Which brings me to another conclusion I made on a previous visit to lost Jewish worlds: After our Germany Mission, I went on a Rhine River Cruise with my family. It was on those visits to onetime medieval Jewish addresses (as opposed to 18th to 20th century and Holocaust sites) that it occurred to me that although the Jews suffered terribly in being abused, murdered and driven out, it was really the "host culture" that deprived itself of things that would have made it better.
What if the Jews hadn't been expelled from Spain? How much better off would Spain be today?! True, our culture is always enhanced by exposure to and distillation of host cultures when given the opportunity and when we take the opportunity, and the influences of the European and North African nations to which the Jews of Sefarad were exiled are an important part of what Sephardic culture is today. But time after time, when given the opportunity, Jews are a tremendously positive influence on host cultures.

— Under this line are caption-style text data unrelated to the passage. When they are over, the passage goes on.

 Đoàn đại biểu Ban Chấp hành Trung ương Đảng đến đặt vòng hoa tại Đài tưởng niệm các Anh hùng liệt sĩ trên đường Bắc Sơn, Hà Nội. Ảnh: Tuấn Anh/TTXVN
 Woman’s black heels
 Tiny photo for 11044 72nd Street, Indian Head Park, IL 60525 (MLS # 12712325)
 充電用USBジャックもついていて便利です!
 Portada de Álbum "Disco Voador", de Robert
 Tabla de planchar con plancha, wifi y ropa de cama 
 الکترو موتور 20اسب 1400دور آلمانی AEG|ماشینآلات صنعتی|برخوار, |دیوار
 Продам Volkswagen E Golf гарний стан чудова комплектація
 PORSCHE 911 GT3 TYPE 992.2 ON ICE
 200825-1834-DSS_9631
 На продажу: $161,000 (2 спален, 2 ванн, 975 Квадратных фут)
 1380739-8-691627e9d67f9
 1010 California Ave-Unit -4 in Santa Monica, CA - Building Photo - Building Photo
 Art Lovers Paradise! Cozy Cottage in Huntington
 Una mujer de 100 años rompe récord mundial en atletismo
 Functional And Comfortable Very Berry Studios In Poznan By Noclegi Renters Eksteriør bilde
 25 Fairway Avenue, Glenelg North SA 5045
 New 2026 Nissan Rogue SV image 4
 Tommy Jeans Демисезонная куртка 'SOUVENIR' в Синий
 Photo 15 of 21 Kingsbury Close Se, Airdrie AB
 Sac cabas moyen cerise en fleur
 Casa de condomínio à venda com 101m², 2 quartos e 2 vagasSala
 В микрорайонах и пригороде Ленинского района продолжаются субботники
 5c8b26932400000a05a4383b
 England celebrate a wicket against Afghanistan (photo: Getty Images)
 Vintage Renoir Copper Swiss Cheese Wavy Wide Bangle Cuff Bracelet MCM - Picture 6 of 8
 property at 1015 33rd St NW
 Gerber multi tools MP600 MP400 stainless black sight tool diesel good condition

Perhaps the world will figure that out, and some day we'll be able to organize "Jewish Heritage Tours" celebrating the history and culture of the Jews of the Arab World....how they were exiled from Spain but continued to develop their culture in these new countries, but were expelled again from 1948 (or earlier) forward, but were eventually welcomed back, etc. etc. IMPOSSIBLE to imagine. But...who could have imagined what would ultimately become of the Jews after the destruction of the Temples, and after the expulsion from Spain?!
We are still here to tell the story. We are still here to sing the songs. We are still here to live Jewish life according to the understanding of Joseph Caro, of Rambam, of Ramban.
For those of you who came with us to Poland and/or to Germany and/or to Spain, I hope that you were half as inspired as me by our ability to move forward beyond heartbreaking life and death historical challenges.
And I hope next time we say "we've got a mission" coming, you'll sign up and pack your bags!
God bless the visionary Nate Lam. And the tireless chairs Jetemy Lipton, Steve Stein and Alberto Mizrahi. And thanks to the dozens of colleagues who participated, organized, prepared and inspired, and to the hundreds who braved the hot Spanish summer to MAKE SOME HISTORY!